Poverty + anarchy + drug dollars = Mexico

According to Ioan Grillo’s Gangster Warlords we are now all in thrall to Latin America’s drug cartels for just about every commodity

You may not have heard of the Maras. Or Barrio 18. Or the Jalisco New Generation Cartel, or the Zatas, or the Knights Templar, or the Shower Posse. But you should have heard about them, says Ioan Grillo in his new book about transnational drug and crime gangs, because any one of them may have played a profitable and blood-drenched role in bringing you not only your weekend baggie of recreational powder, but also the gold in your earring, the lime in your gin and tonic, the avocado in your salad and even the steel in your Volvo.

These ‘gangster warlords’ are the new century’s international mafias. They originate in Central America, Mexico and the Caribbean, although now they have trading subsidiaries everywhere from Bombay to Brixton.
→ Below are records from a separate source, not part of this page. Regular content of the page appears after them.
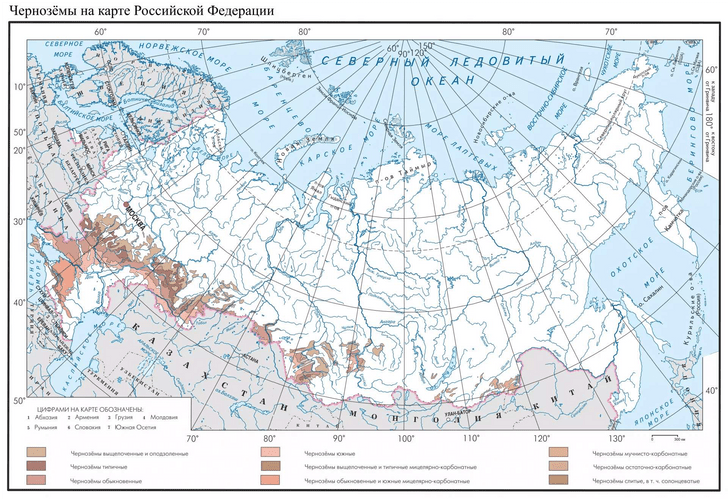 Черноземы: где и как образуются самые плодородные почвы России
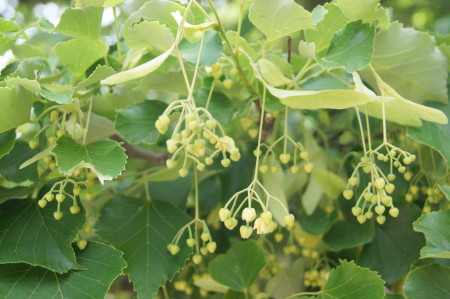201306054_1.jpg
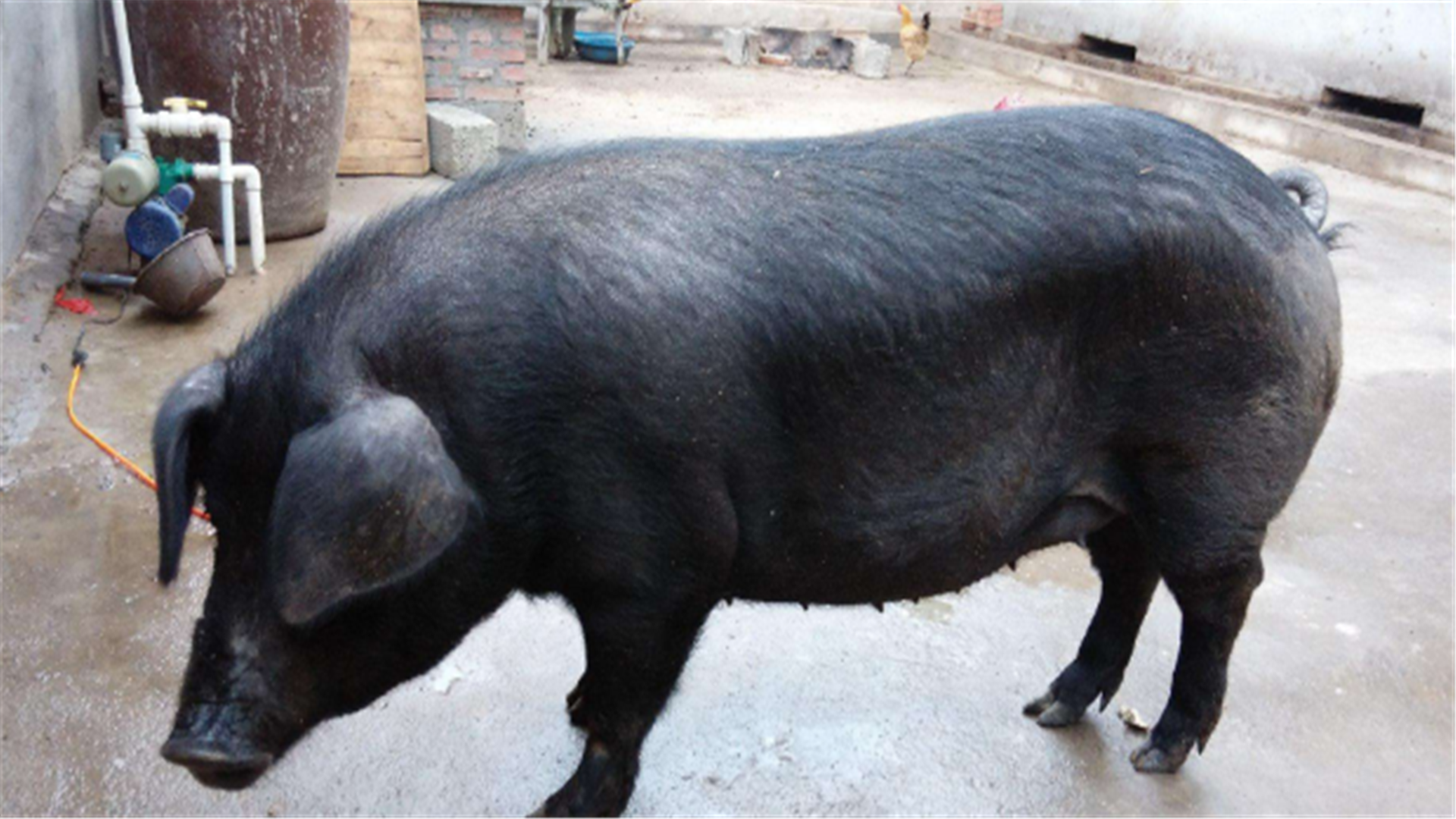 种猪产仔多长得又大又快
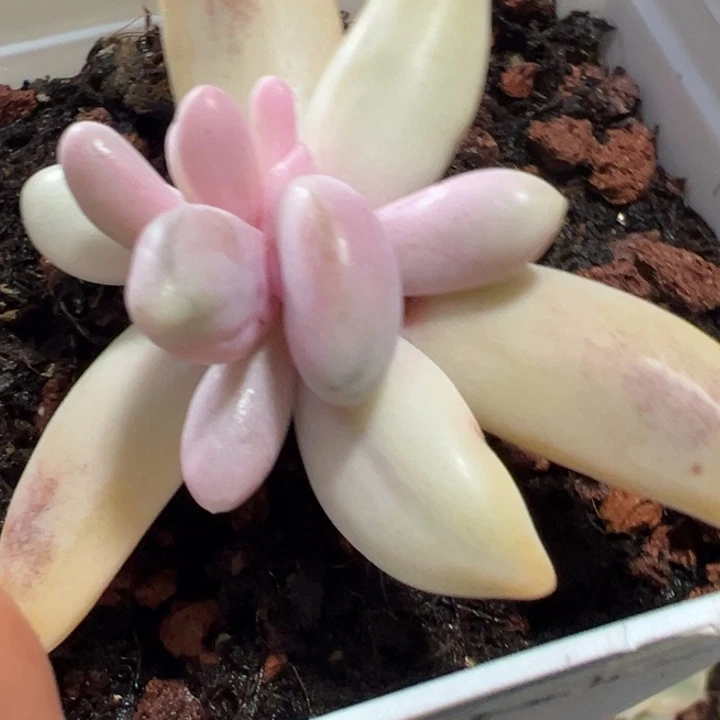 红手指锦多肉植物1814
It’s a business model that brings new force to the word ‘disruptive’, based as it is on bribery, torture, murder and ultra-pure crystal methamphetamine. And to date, they are unstoppable.

It is next to impossible to estimate accurately the extent of the warlord economy, and the number of lives it has consumed. The UN claims that the total illegal drug industry is worth $320 billion a year. In Mexico alone, government figures show that the crime cartels whose revenues come largely from drugs have been responsible for over 83,000 murders in the last nine years. Although all these figures contain an element of guesswork (and governments often overstate the size of their drug problems in order to squeeze more war-on-drugs funding from Washington), there is no doubt that since the 1980s something has turned a long-standing problem of localised Latin American gangsterism into a global phenomenon.

It started with cocaine. It was cocaine from Colombia and the fabulous profits it generated that built the multi-billion- dollar empires of the Medellin drug cartel, headed by the late Pablo Escobar; the Cali Cartel; and the Norte del Valle Cartel.